For Mikey, home is Texas City, Texas, a factory town left behind by the globalized economy, though fiery smokestacks still dot the horizon. Set during the lead-up to the 2016 U.S. election (something Baker refuses to let us forget), Red Rocket catches up with Mikey over a decade after he left for L.A. to pursue a career in porn; now bruised, destitute, and desperate to squirm back into the good graces of his ex-wife and mother-in-law. Initially a tale of a man humbled, Red Rocket quickly pivots to being a character study by way of political allegory, revealing Mikey as a narcissist incapable of humility, positioning him as a parallel Donald Trump figure. The film’s first hour traces out his efforts to reestablish himself in this isolated Texas town (getting back in with his ex, setting himself up as the go-to weed-slinger for the oil workers), while the second finds him attempting to undo it all after a chance encounter with Strawberry (Suzanna Son), a Lolita-esque figure (age 17) Mikey envisions as a star performer in the adult film industry, and also his means of getting back to California.

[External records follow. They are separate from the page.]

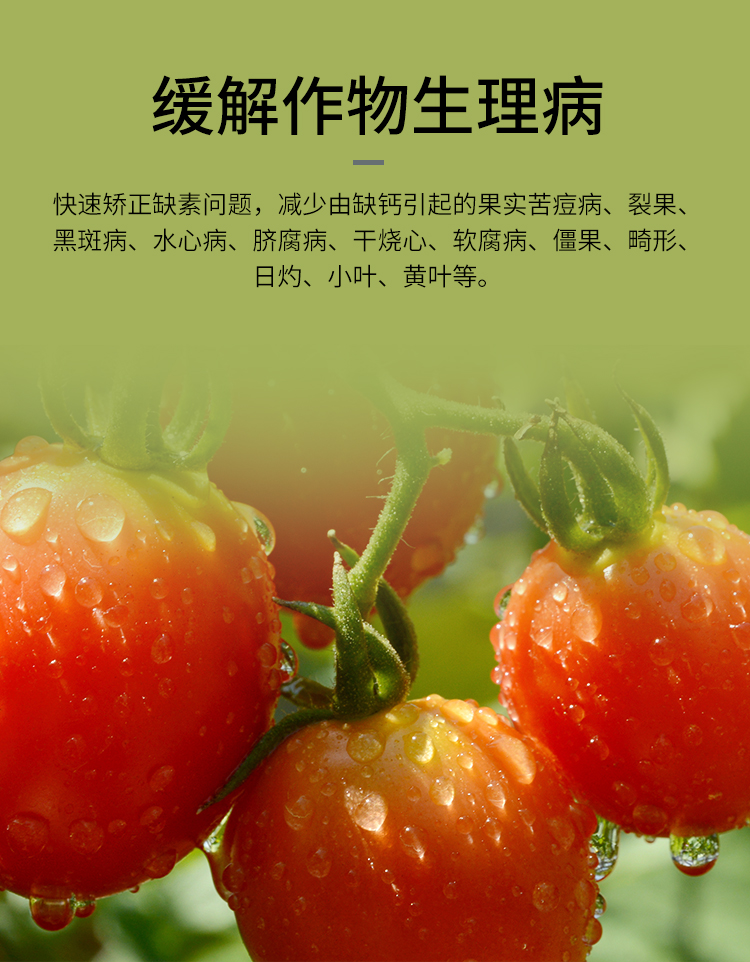 鲁丰钙镁硼锌铁防裂果树蔬菜药材通用糖醇中微量元素螯合叶面肥料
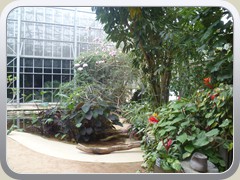 terrabotanica (81)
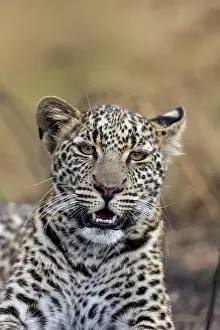 Pardus: Afrique, Afrique de l'Est, Kenya, Reserve nationale du Masai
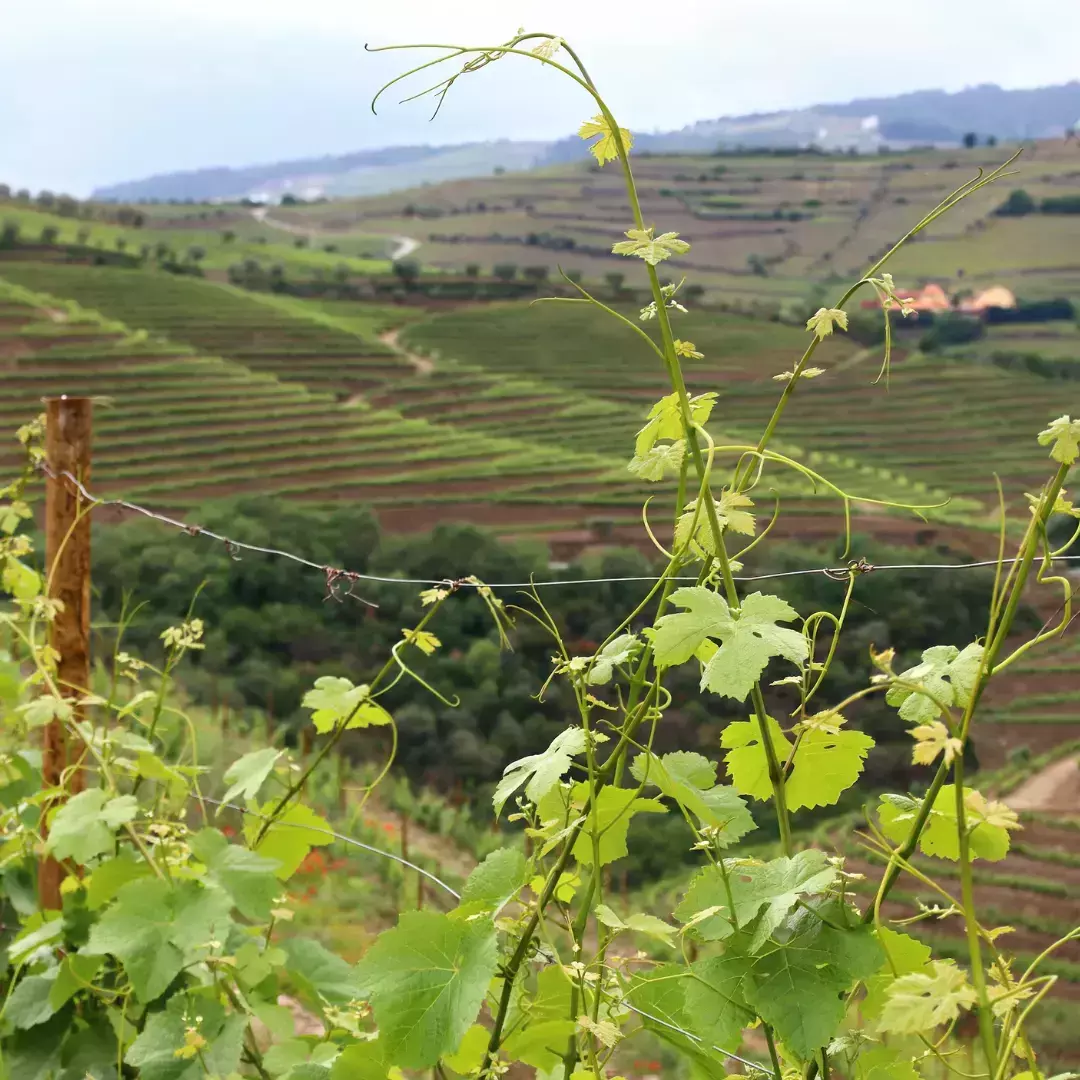 Agrarische emigreren naar Portugal met Farms4 Sale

Pushing his usual queasy blend of biting comedy and bleak social realism to an extreme yet unreached, Baker takes a gamble with Red Rocket, centering this movie on a character who he’s kept as antagonist previously — Mikey brings to mind James Ransone’s pimp in Tangerine) and forcing his audience to inhabit his POV for a 130-minute runtime. A purposefully unpleasant experience, Red Rocket can’t really afford its runtime, nor the simplicity of its message (Trump won the presidency because America is rife with parasitic creeps like him), but Rex’s electric, skillfully balanced performance (recalling Elaine May’s pathetically cruel protagonists) and Drew Daniels’ zippy 16mm cinematography keep the film afloat. Dealing in bad vibes exclusively, Red Rocket isn’t without some appealingly bitter insights into contemporary American culture, but ultimately, Rex is the only one bringing fresh energy to the project, these observations on Trump’s America coming a few years too late. At the very least, Red Rocket will hopefully lead to more work for the great Dirt Nasty.